Governor Brown to Participate in Paris Agreement Signing Ceremony Events at United Nations Headquarters on Friday in New York
NEW YORK - As millions of people around the globe celebrate Earth Day and renew their commitment to protecting the planet, Governor Edmund G. Brown Jr. will join dozens of world leaders on Friday at the United Nations Headquarters in New York to participate in events marking the first day that the Paris Agreement is open for signature.
"While national governments came together to reach a historic climate agreement in Paris last December, it's up to the world's states, regions and cities to make it a reality in the years ahead," said Governor Brown. "The task before us is daunting, but California will continue to lead the charge."
At the United Nations Headquarters, Governor Brown will attend a luncheon with France's President François Hollande, United Nations Secretary-General Ban Ki-moon, former U.S. Vice President Al Gore and other government, climate, business and civil society leaders. He will then participate in a panel discussion moderated by United Nations Framework Convention on Climate Change (UNFCCC) Executive Secretary Christiana Figueres and COP21 President Ségolène Royal on the work being done to ensure the Paris Agreement is fully and effectively implemented.
United Nations Paris Agreement Signing Ceremony Luncheon
When: Friday, April 22, 2016 at approx. 1:15 p.m. EDT (10:15 a.m. PDT)
Where: United Nations Headquarters, The Delegates Dining Room, 760 United Nations Plaza, New York, NY 10017
United Nations Panel - Taking Climate Action to the Next Level: Realizing the Vision of the Paris Agreement
When: Friday, April 22, 2016 at approx. 3:00 p.m. EDT (12:00 p.m. PDT)
Where: United Nations Headquarters, Conference Room 1, 760 United Nations Plaza, New York, NY 10017
**NOTE: Additional details on the day's events and media credentialing information can be found here. The events will be streamed live here.
California's Leadership on Climate Change
While California emits around 1 percent of the world's greenhouse gases, the state is playing a leading role in broadening collaboration among subnational leaders.
These efforts include spearheading the Under 2 MOU, a global climate pact among cities, states and countries to limit the increase in the world's average temperature to below 2 degrees Celsius. A total of 128 jurisdictions representing 28 countries and six continents have now signed or endorsed the agreement. Together, they represent more than 740 million people and $20.7 trillion in GDP, equivalent to more than a quarter of the global economy. Signatories commit to either reducing greenhouse gas emissions 80 to 95 percent below 1990 levels by 2050 or achieving a per capita annual emission target of less than 2 metric tons by 2050.
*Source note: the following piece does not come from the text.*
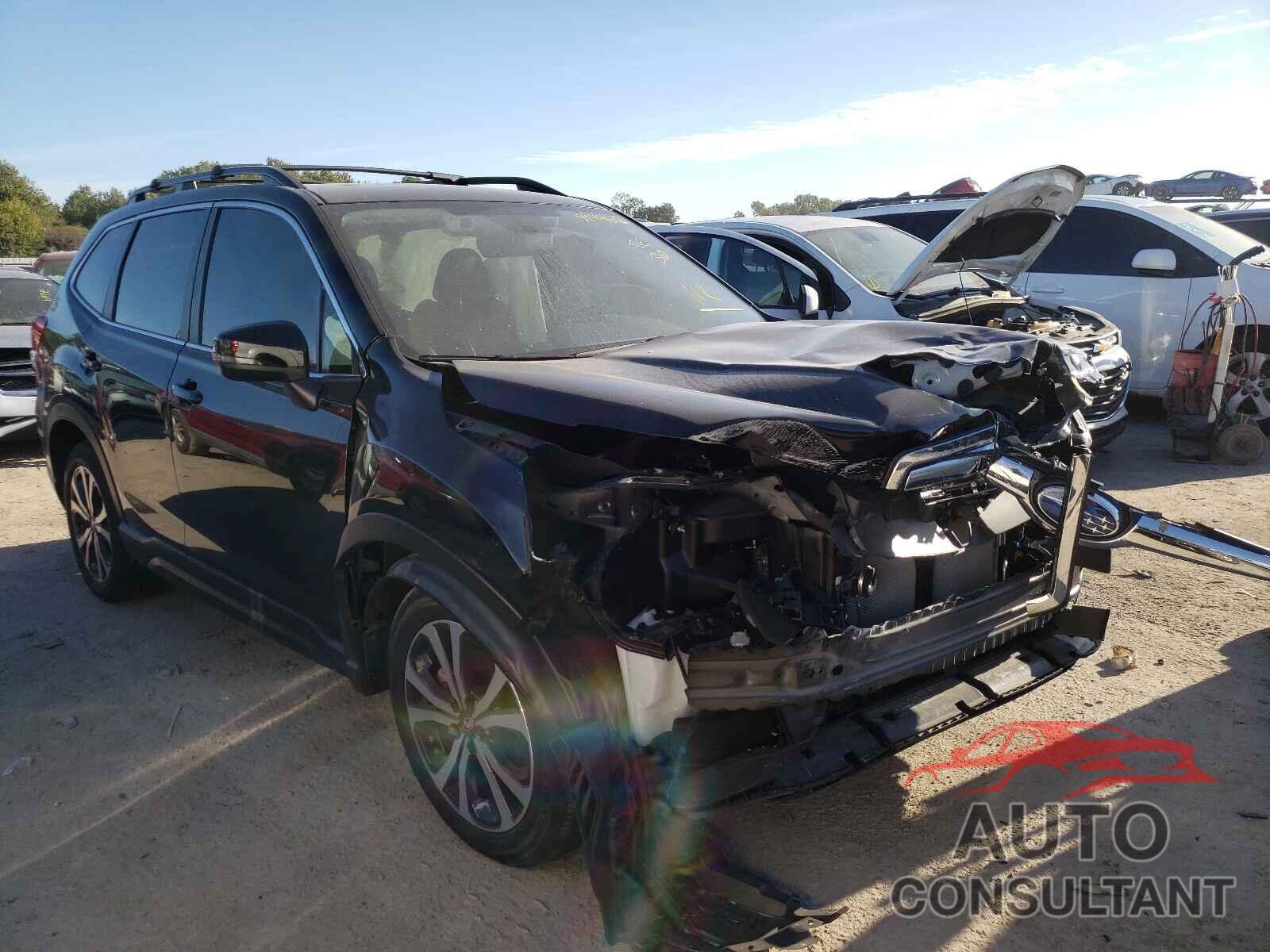 SUBARU FORESTER 2020 - JF2SKAUC4LH534736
Last year, the Governor traveled to the United Nations Climate Change Conference in Paris, the Vatican in Italy, the United Nations in New York and the Climate Summit of the Americas in Toronto, Canada to call on other leaders to join California in the fight against climate change.
Governor Brown also joined an unprecedented alliance of heads of state, city and state leaders - convened by the World Bank Group and International Monetary Fund - to urge countries and companies around the globe to put a price on carbon.
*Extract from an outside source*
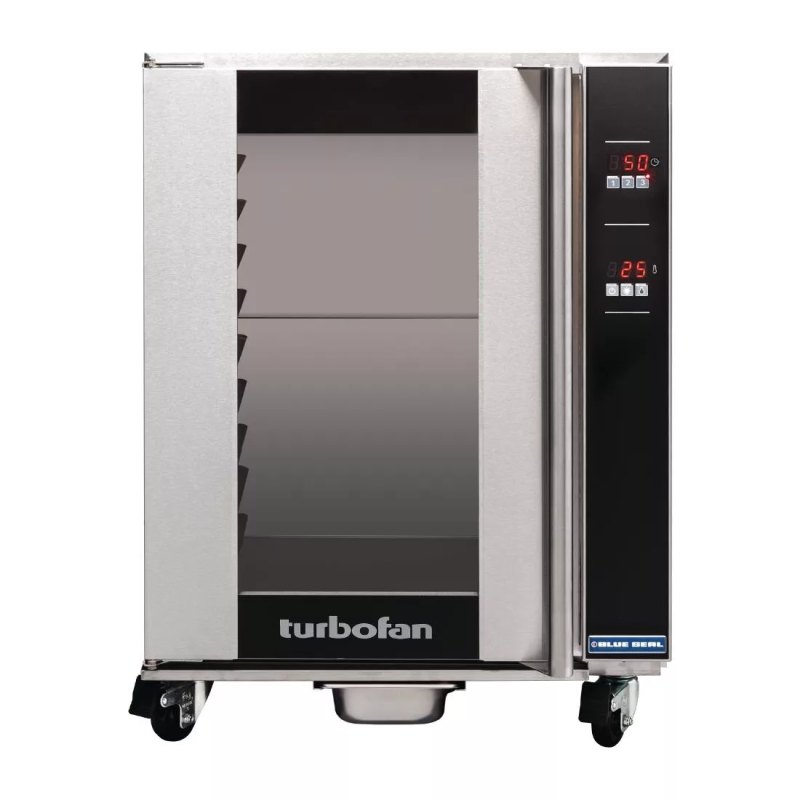 Blue Seal Hot Holding Cabinet H10D-FS - islandcatering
These efforts build on a number of other international climate change agreements with leaders from the Netherlands, Mexico, China, North America, Japan, Israel, Peru and Chile and Governor Brown's efforts to convene hundreds of world-renowned researchers and scientists around a groundbreaking call to action - called the consensus statement - which translates key scientific climate findings from disparate fields into one unified document.
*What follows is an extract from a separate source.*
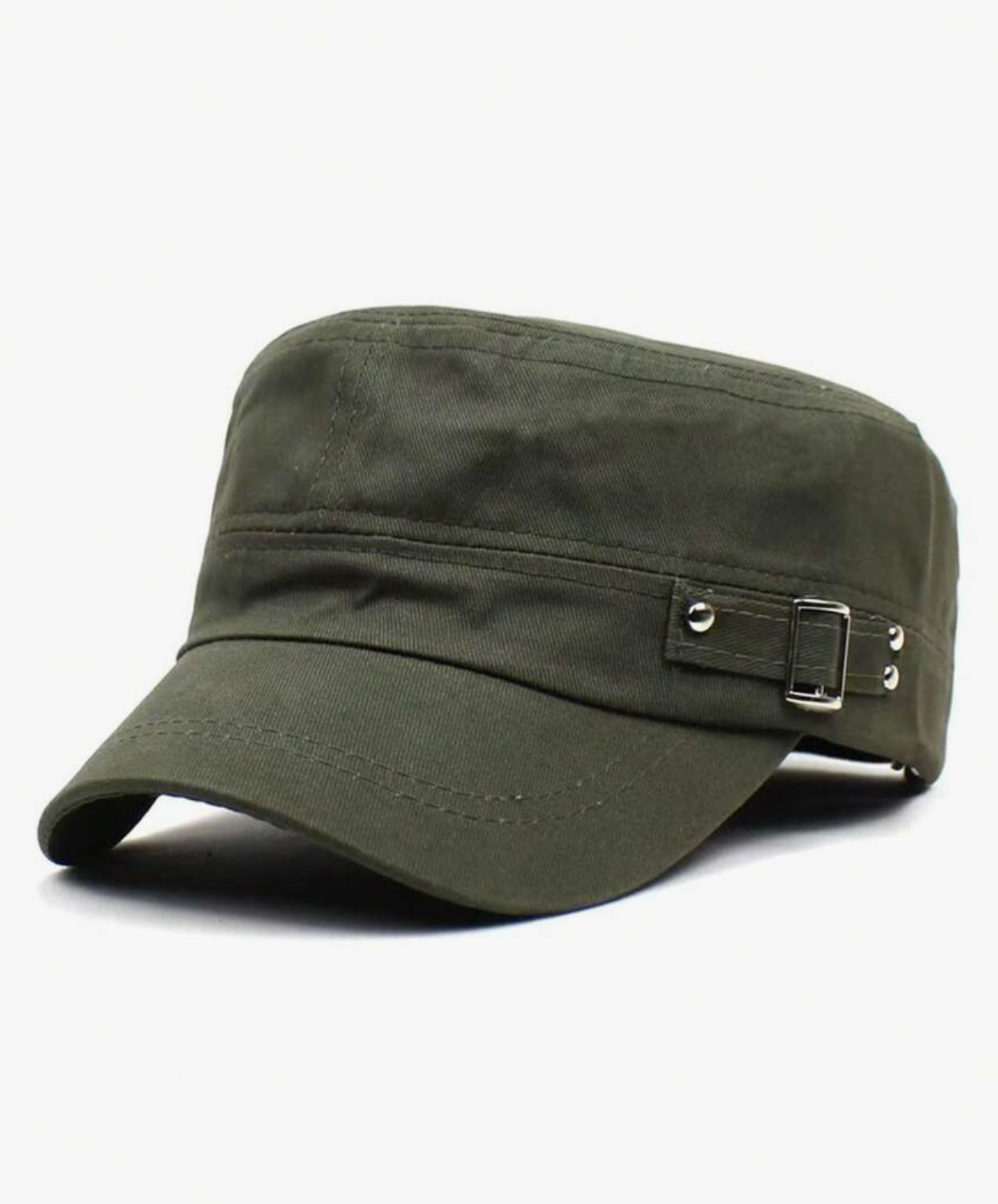 Adjustable Army Cap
Last October, Governor Brown signed landmark legislation - SB 350 - to double the rate of energy efficiency savings in California buildings and generate half of the state's electricity from renewable sources by 2030. Governor Brown also committed to reduce today's petroleum use in cars and trucks by up to 50 percent within the next 15 years; make heating fuels cleaner; reduce the release of methane, black carbon and other potent pollutants across industries; and manage farm and rangelands, forests and wetlands so they can store carbon.
Additionally, the Governor issued an executive order last year to reduce greenhouse gas emissions in California 40 percent below 1990 levels by 2030 - the most ambitious target in North America and consistent with California's existing commitment to reduce emissions 80 percent under 1990 levels by 2050.
The impacts of climate change are already being felt in California and will disproportionately impact the state's most vulnerable populations.